--- How to complete this task ---
Reproduce exactly the line with "Dentist Selecting Patient's" and every line that follows it below, up to and including the last one. Do not include pictures or anything else.

+++ Provided data +++

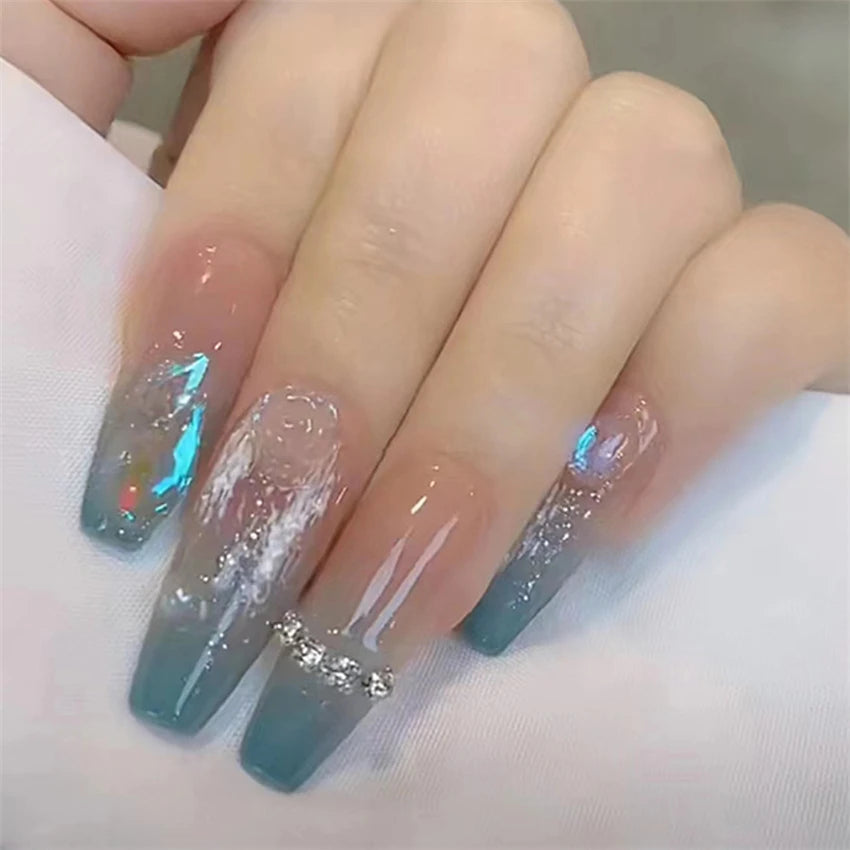 Decorated nail designs shown on hands
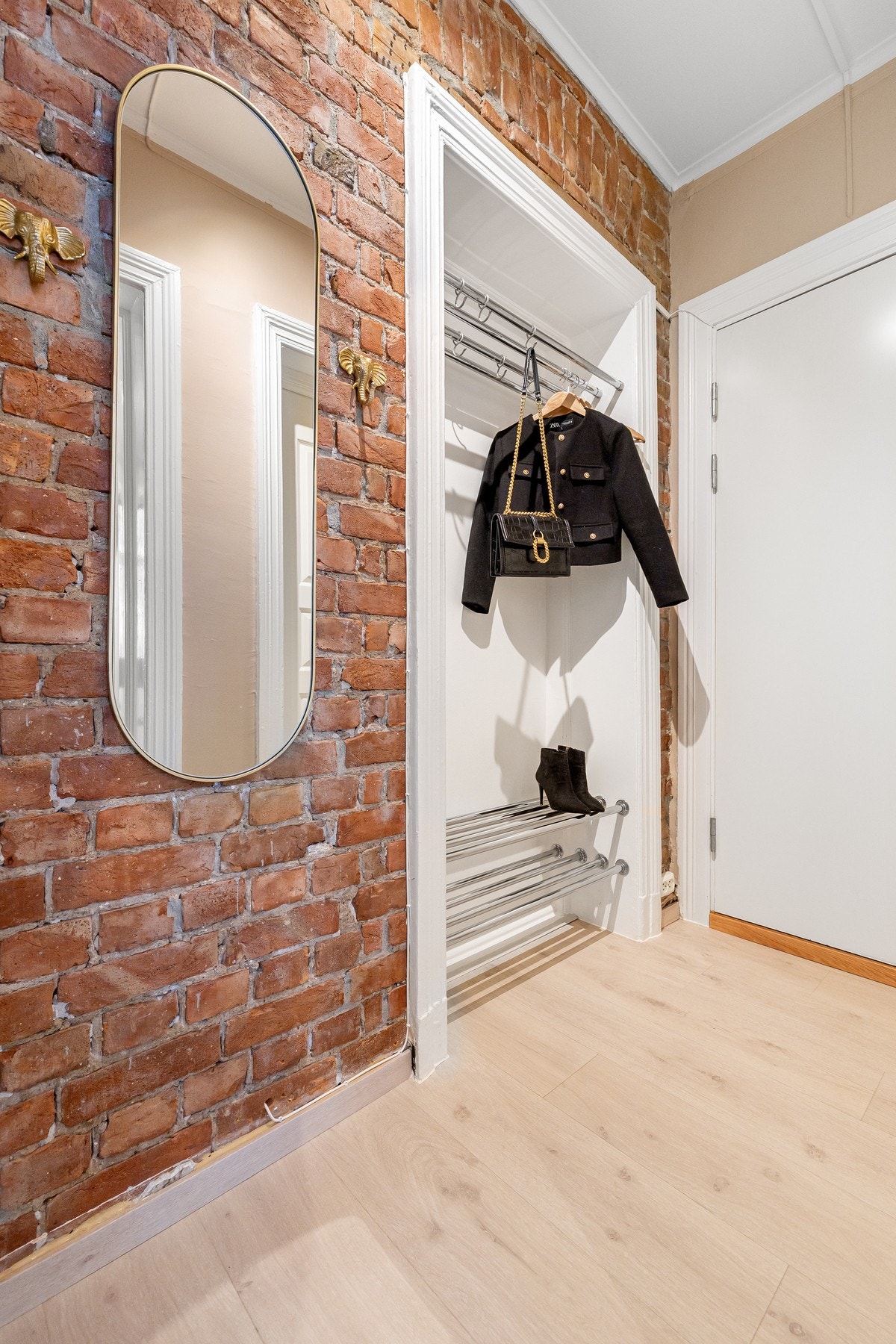Supersjarmerende teglstensvegg i entré. Tidligere døråpning er tettet igjen og benyttes i dag som en praktisk nisje for oppheng. Galleribilde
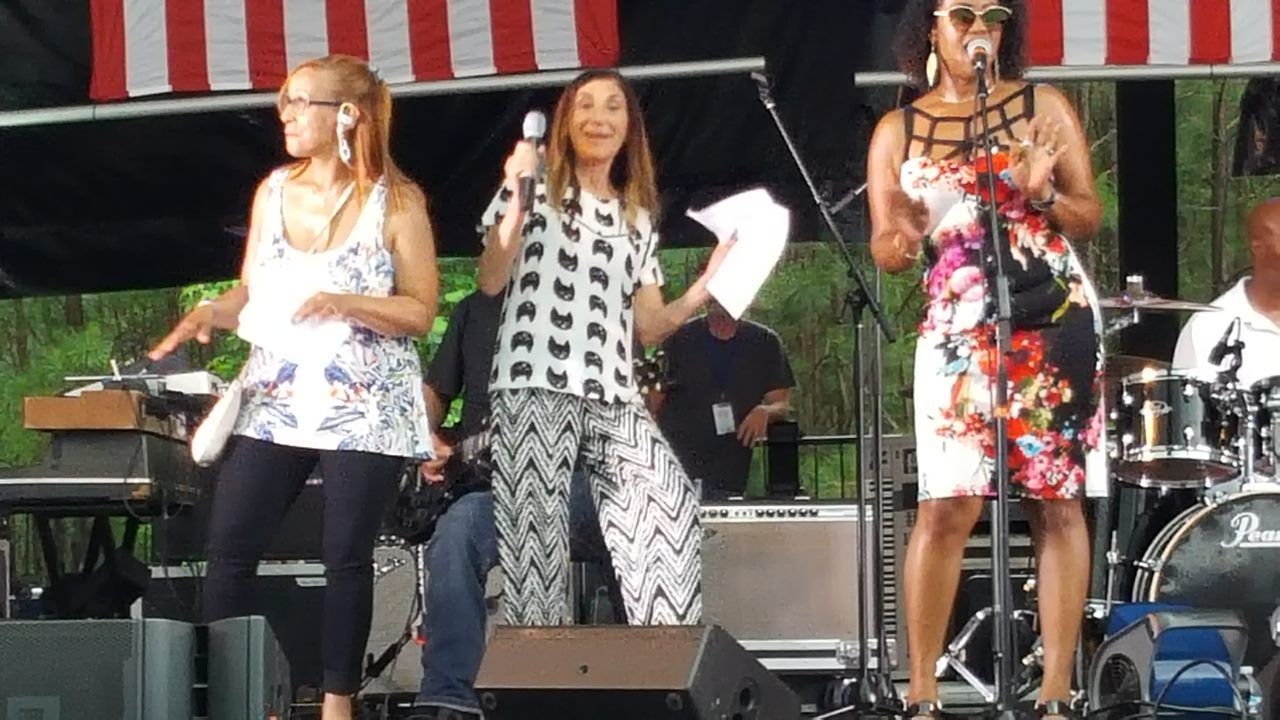 A group of women are standing on a stage singing into microphones.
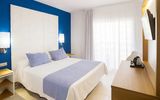 Helles Doppelzimmer mit blau-weißem Farbschema, großem Bett mit zwei blauen Zierkissen, weißen Vorhängen vor dem Balkon und einem Schreibtisch mit Wasserkocher und Flachbildfernseher.
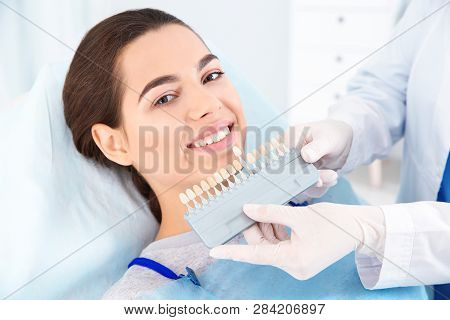 Dentist Selecting Patient's Teeth Color With Palette In Clinic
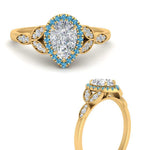 Load image into Gallery viewer, leaves-pear-shaped-halo-diamond-engagement-ring-with-blue-topaz-in-yellow-gold-FD9827PERGICBLTOANGLE3-NL-YG.jpg?v=1770891269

+++

--- Task response ---
 Dentist Selecting Patient's Teeth Color With Palette In Clinic
 Load image into Gallery viewer, leaves-pear-shaped-halo-diamond-engagement-ring-with-blue-topaz-in-yellow-gold-FD9827PERGICBLTOANGLE3-NL-YG.jpg?v=1770891269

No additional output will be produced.